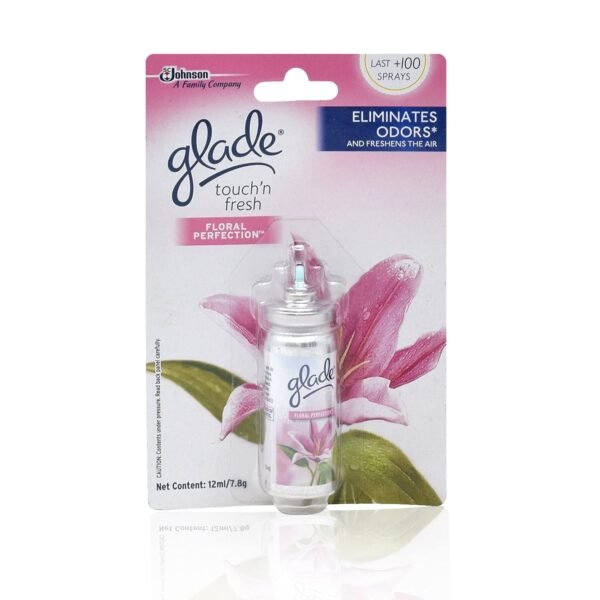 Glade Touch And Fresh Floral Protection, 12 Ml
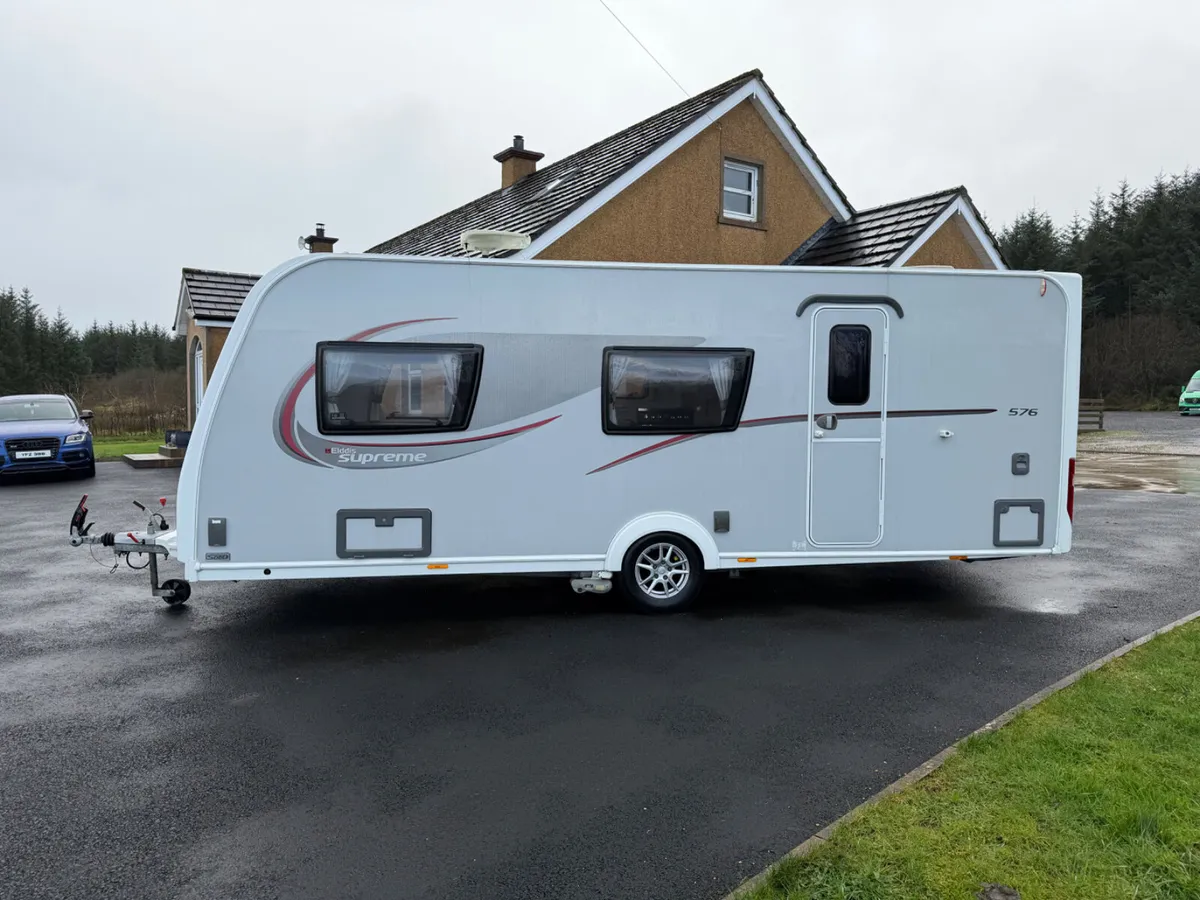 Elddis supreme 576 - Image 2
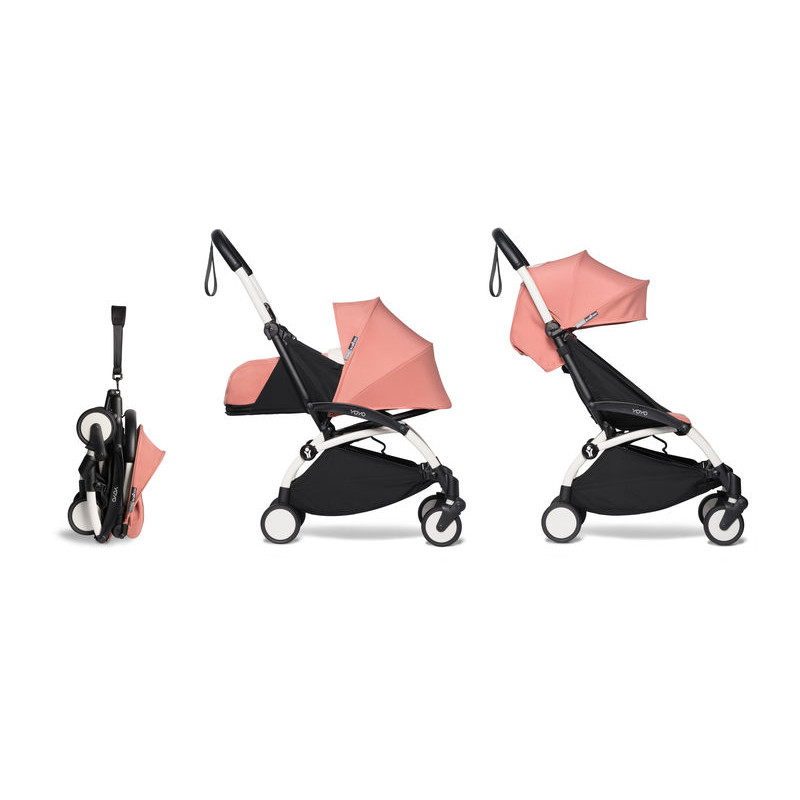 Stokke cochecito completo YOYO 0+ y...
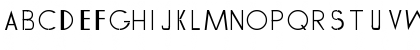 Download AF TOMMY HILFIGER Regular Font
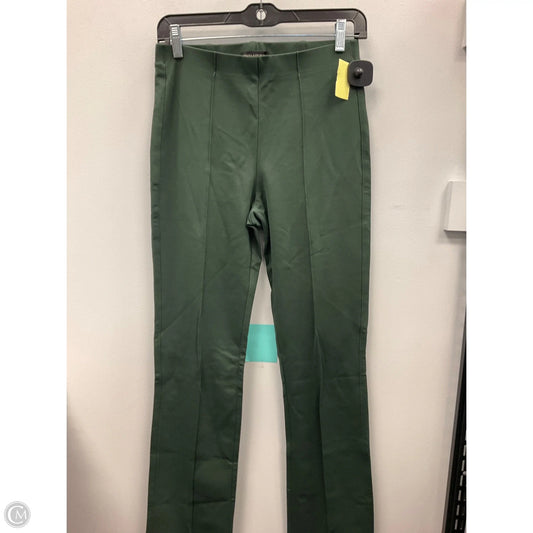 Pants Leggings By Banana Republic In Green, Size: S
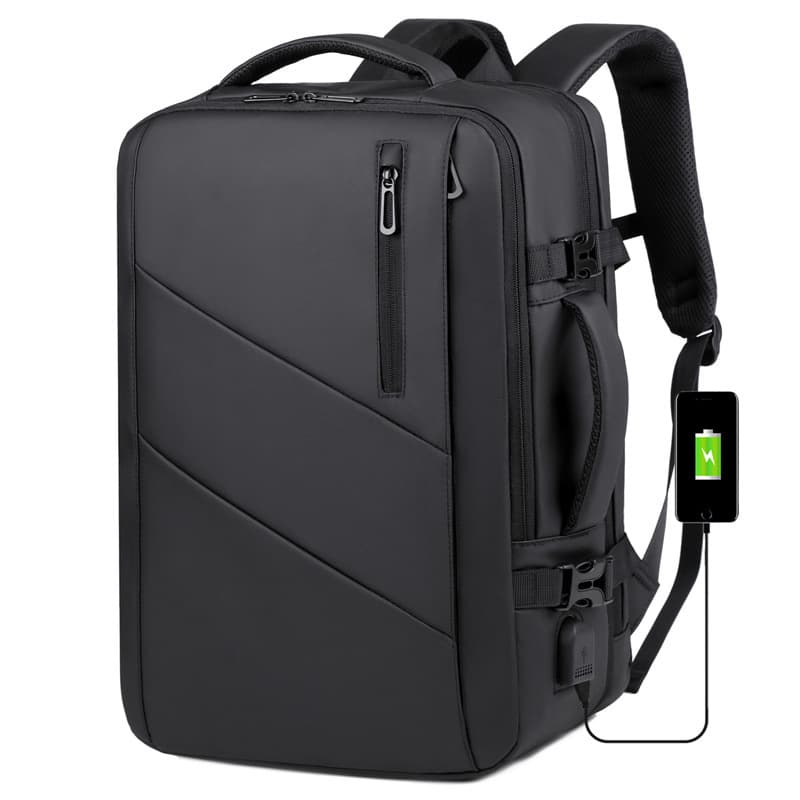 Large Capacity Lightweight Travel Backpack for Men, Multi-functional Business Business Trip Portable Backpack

::::::::

**Exercise instructions:** Give the material above again exactly as it stands, minus any images.

**Task solution:**
 Glade Touch And Fresh Floral Protection, 12 Ml
 Elddis supreme 576 - Image 2
 Stokke cochecito completo YOYO 0+ y...
 Download AF TOMMY HILFIGER Regular Font
 Pants Leggings By Banana Republic In Green, Size: S
 Large Capacity Lightweight Travel Backpack for Men, Multi-functional Business Business Trip Portable Backpack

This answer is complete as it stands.